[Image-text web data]
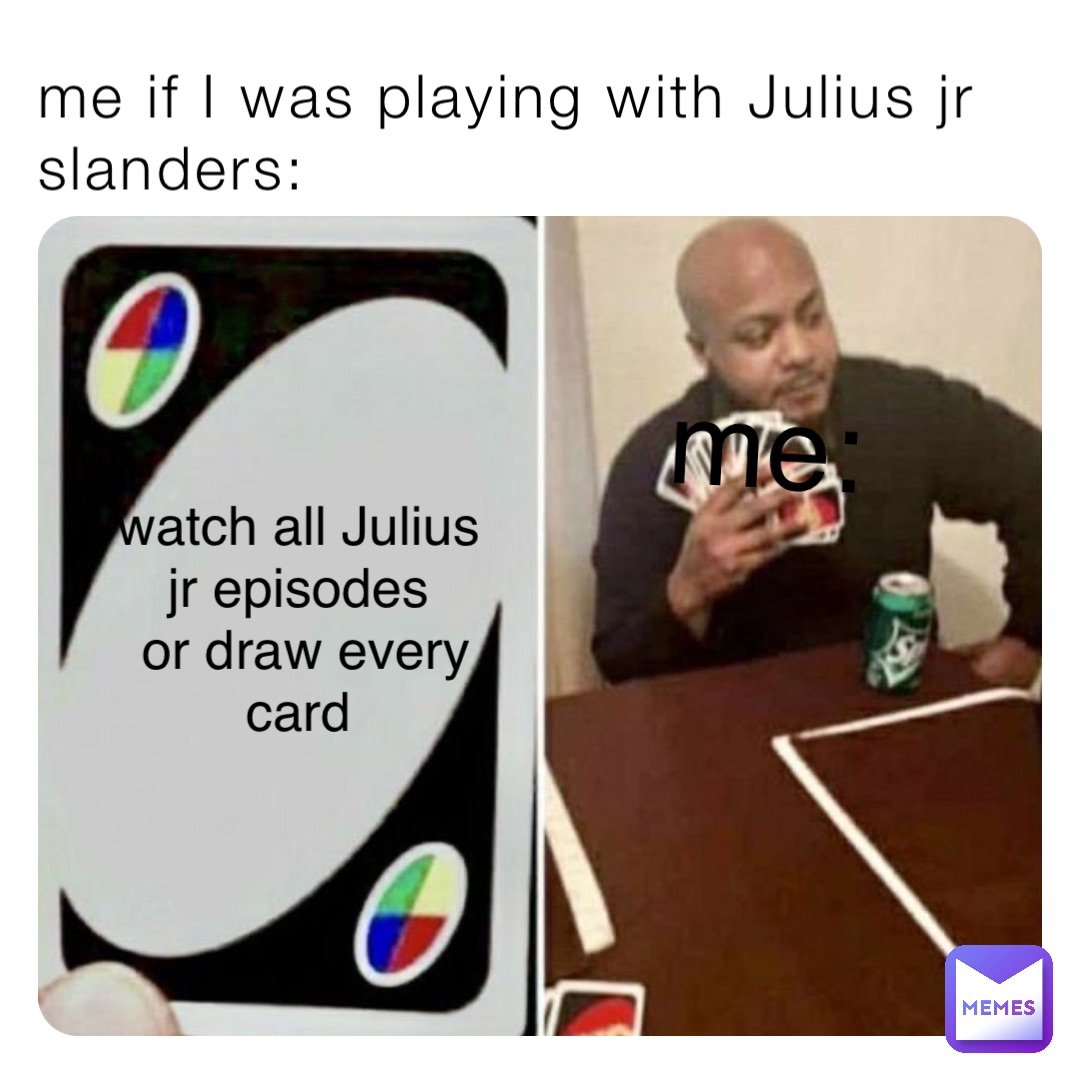 me if I was playing with Julius jr slanders: watch all Julius jr episodes
or draw every card me:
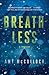 Breathless: A Thriller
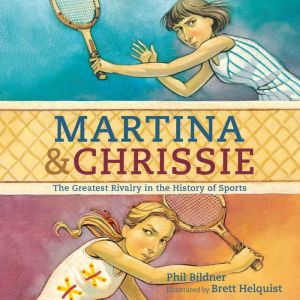 Martina and Chrissie: The Greatest Rivalry in the History of Sports, Phil Bildner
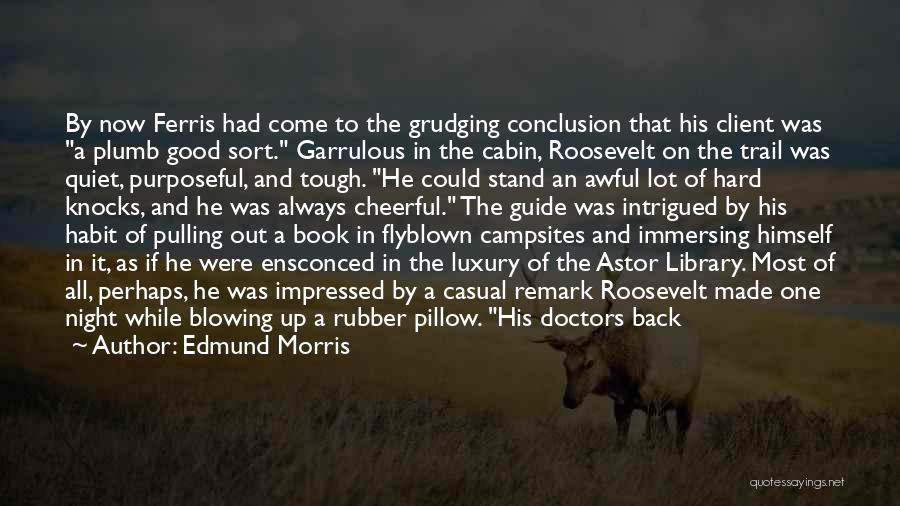 Edmund Morris Quotes: By Now Ferris Had Come To The Grudging Conclusion That His Client Was A Plumb Good Sort. Garrulous In The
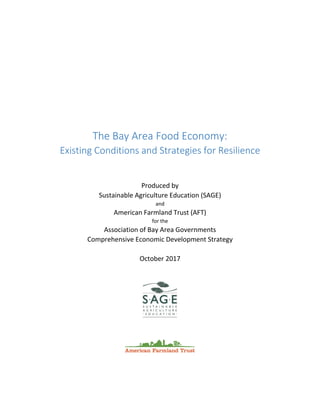 The Bay Area Food Economy:
Existing Conditions and Strategies for Resilience
Produced by
Sustainable Agriculture Education (SAGE)
and
American Farmland Trust (AFT)
for the
Association of Bay Area Governments
Comprehensive Economic Development Strategy
October 2017
 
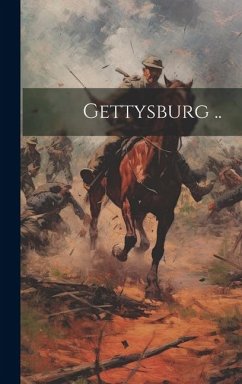 Gettysburg .. - Anonymous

◆ **Exercise**:
Reproduce precisely the lines of the entries above, from the one containing "Produced by" through the final one, both ends included, and omit the pictures.

◆ **Exercise answer**:
Produced by
Sustainable Agriculture Education (SAGE)
and
American Farmland Trust (AFT)
for the
Association of Bay Area Governments
Comprehensive Economic Development Strategy
October 2017
 
 Gettysburg .. - Anonymous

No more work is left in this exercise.